The System Call Interface¶
System calls are the only sanctioned path for user-space code to request kernel services. User space cannot directly access hardware registers, allocate physical memory, or change scheduler policy — it asks the kernel via the syscall ABI.
Call Path — x86-64¶
Syscall Path — x86-64
┌─────────────────────────────────────────────────────────┐
│ User Space (Ring 3) │
│ │
│ Application code │
│ │ calls read(fd, buf, len) │
│ ▼ │
│ glibc wrapper │
│ │ mov $0, %eax (syscall number for read = 0) │
│ │ mov fd, %rdi (first argument) │
│ │ mov buf, %rsi (second argument) │
│ │ mov len, %rdx (third argument) │
│ │ SYSCALL ← hardware mode switch │
└──────┼──────────────────────────────────────────────────┘
│ Ring 3 → Ring 0 (hardware enforced)
┌──────┼──────────────────────────────────────────────────┐
│ Kernel Space (Ring 0) │
│ ▼ │
│ entry_SYSCALL_64 │
│ │ saves registers to kernel stack │
│ │ looks up sys_call_table[RAX] │
│ ▼ │
│ sys_read() │
│ │ does actual work (VFS, page cache, driver) │
│ │ return value → RAX │
│ │ SYSRET ← hardware mode switch back │
└──────┼──────────────────────────────────────────────────┘
│ Ring 0 → Ring 3 (hardware enforced)
┌──────┼──────────────────────────────────────────────────┐
│ User Space (Ring 3) │
│ ▼ │
│ glibc wrapper returns to application │
└─────────────────────────────────────────────────────────┘
ARM64 uses SVC #0 → VBAR_EL1 + 0x400 → el0_svc → sys_call_table[x8]() → ERET.

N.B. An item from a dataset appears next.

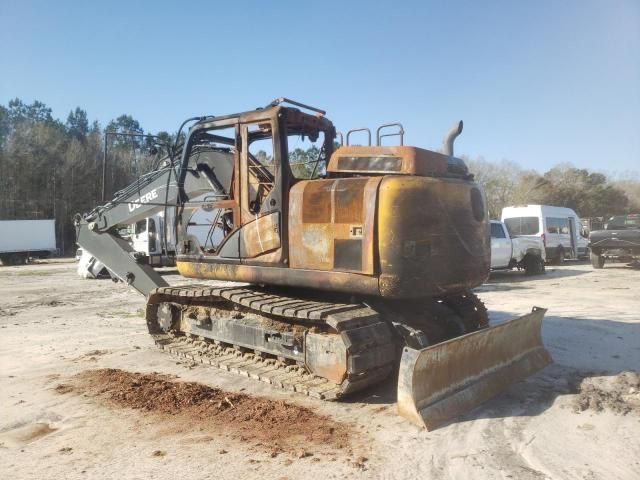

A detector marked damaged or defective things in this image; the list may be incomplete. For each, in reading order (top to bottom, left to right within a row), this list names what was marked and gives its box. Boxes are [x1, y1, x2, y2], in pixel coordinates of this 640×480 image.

burned excavator [76, 97, 552, 428]
rusted metal surface [396, 310, 552, 430]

strace -c ./inference_app # count syscalls by type and cumulative time
strace -T -e mmap,ioctl ./camerad # trace specific calls with per-call duration
Syscall Overhead¶
| Cost component | Typical penalty |
|---|---|
| Mode switch (SYSCALL/SYSRET) | 50–150 ns |
| Spectre/Meltdown mitigations (IBRS, retpoline, KPTI) | 50–200 ns |
| TLB and cache effects (KPTI flushes user-space TLB entries) | 20–100 ns |
| Total round-trip (minimal kernel work) | 100–400 ns |
ARM64 mitigations (CSV2, SSBS) are lighter than x86. At 200 fps across 2 cameras, each frame requiring 4 V4L2 ioctls = 1600 syscalls/s × 300 ns = 0.5 ms/s pure mode-switch overhead. Batching and zero-copy (mmap, io_uring) reduce crossing frequency.
Key Insight: Spectre and Meltdown mitigations (KPTI, IBRS, retpoline) roughly doubled syscall overhead on x86 compared to pre-2018 systems. The kernel flushes or isolates page table entries on each user↔kernel transition to prevent speculative execution from leaking kernel memory. ARM64 mitigations are architecturally lighter — one reason embedded AI platforms often prefer ARM for latency-sensitive workloads. If you are porting code from x86 benchmarks, do not assume syscall overhead is similar.
Now that we understand the cost of crossing the privilege boundary, let's look at how the kernel avoids that crossing for the most frequently called time functions.
vDSO: Kernel Calls Without Kernel Entry¶
The virtual Dynamic Shared Object (vDSO) is a read-only ELF page mapped by the kernel into every process address space at startup. Selected time functions read from a shared vvar data page that the kernel updates — no SYSCALL instruction, no mode transition, no TLB flush.
Think of the vDSO as a memo that the kernel leaves in your address space: "Here is the current time, updated continuously by the kernel. Read it directly without asking me."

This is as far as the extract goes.